Thread: pg_dump output portability

pg_dump output portability

From
Peter Eisentraut
Date:
I needed to move a PostgreSQL database to another product but I noticed
that the pg_dump output contains a few artifacts that make the output
nonportable.  Most of these should be relatively easy to fix.  Here's my
list:

* Boolean values should be dumped as true and false (rather than 't' and
'f') in INSERT-style output.

* Numeric and int8 should be dumped without quotes, except in cases like
'NaN'.

* Date, time, and timestamp literals should use standard prefixed syntax
like DATE 'yyyy-mm-dd'.

* Identifier quoting seems to be inconsistent.  The -n option gives you
portable behaviour (quoted only if mixed case or funny characters), but
the default -N doesn't actually quote some things that are generated by
the backend, including rule and index creation commands.  Is there a point
in having the -n behavior at all?

* Nonprintable characters in string literals are currently output as octal
escape sequences (e.g., \012).  It would be more portable to just print
out the characters as is.  This should be an option -- any opinions on
which might be a better default?

* The expression reverse-engineering code outputs ::text and similar casts
in many cases.  These should be CAST().

* It was once proposed to make SET SESSION AUTHORIZATION the default in
pg_dump.  What became of that?

* Is anyone working on using standard foreign key creation commands
instead of CREATE CONSTRAINT TRIGGER?

-- 
Peter Eisentraut   peter_e@gmx.net



Re: pg_dump output portability

From
Tom Lane
Date:
Peter Eisentraut <peter_e@gmx.net> writes:
> I needed to move a PostgreSQL database to another product but I noticed
> that the pg_dump output contains a few artifacts that make the output
> nonportable.  Most of these should be relatively easy to fix.

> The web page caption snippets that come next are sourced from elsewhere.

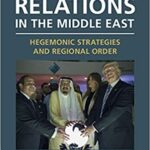 خرید و دانلود نسخه کامل کتاب International Relations in the Middle East: Hegemonic Strategies and Regional Orde – Pdf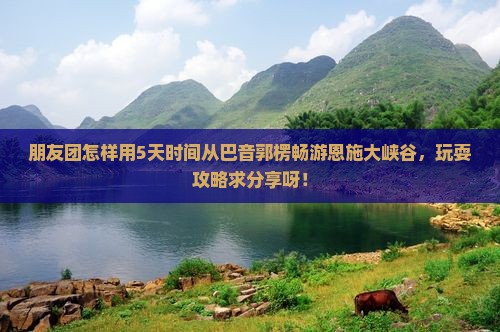 朋友团怎样用5天时间从巴音郭楞畅游恩施大峡谷，玩耍攻略求分享呀！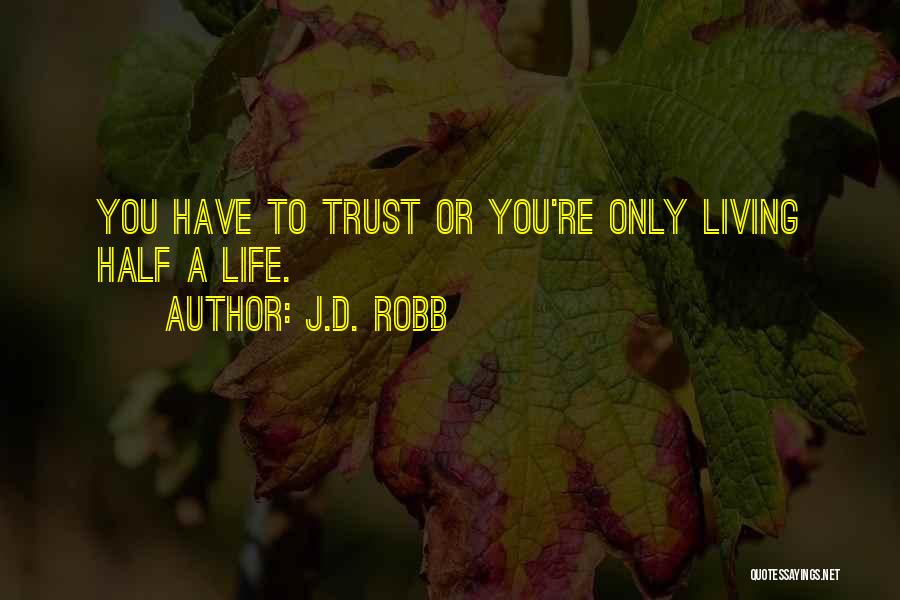 J.D. Robb Quotes: You Have To Trust Or You're Only Living Half A Life.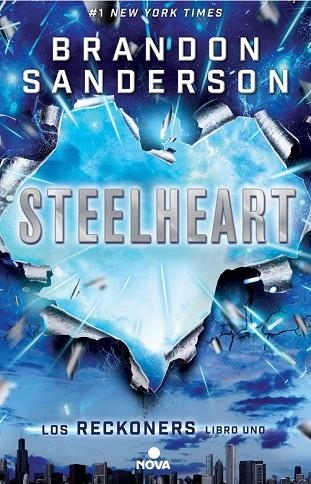 STEELHEART (RECKONERS I) | 9788466658355 | SANDERSON, BRANDON | Llibreria Drac - Librería de Olot | Comprar libros en catalán y castellano online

Most of these look like they would break a lot of people --- for
example, we can't just arbitrarily change the results of bool_out.

> * Identifier quoting seems to be inconsistent.  The -n option gives you
> portable behaviour (quoted only if mixed case or funny characters), but
> the default -N doesn't actually quote some things that are generated by
> the backend, including rule and index creation commands.  Is there a point
> in having the -n behavior at all?

You mean you'd rather eliminate the -N behavior, no?  I'd vote for that.

> * Nonprintable characters in string literals are currently output as octal
> escape sequences (e.g., \012).  It would be more portable to just print
> out the characters as is.  This should be an option -- any opinions on
> which might be a better default?

Again, I'm fairly suspicious of this; it seems likely to result in
failures to read in the data.  You can't just leave data newlines as-is
for example.

> * The expression reverse-engineering code outputs ::text and similar casts
> in many cases.  These should be CAST().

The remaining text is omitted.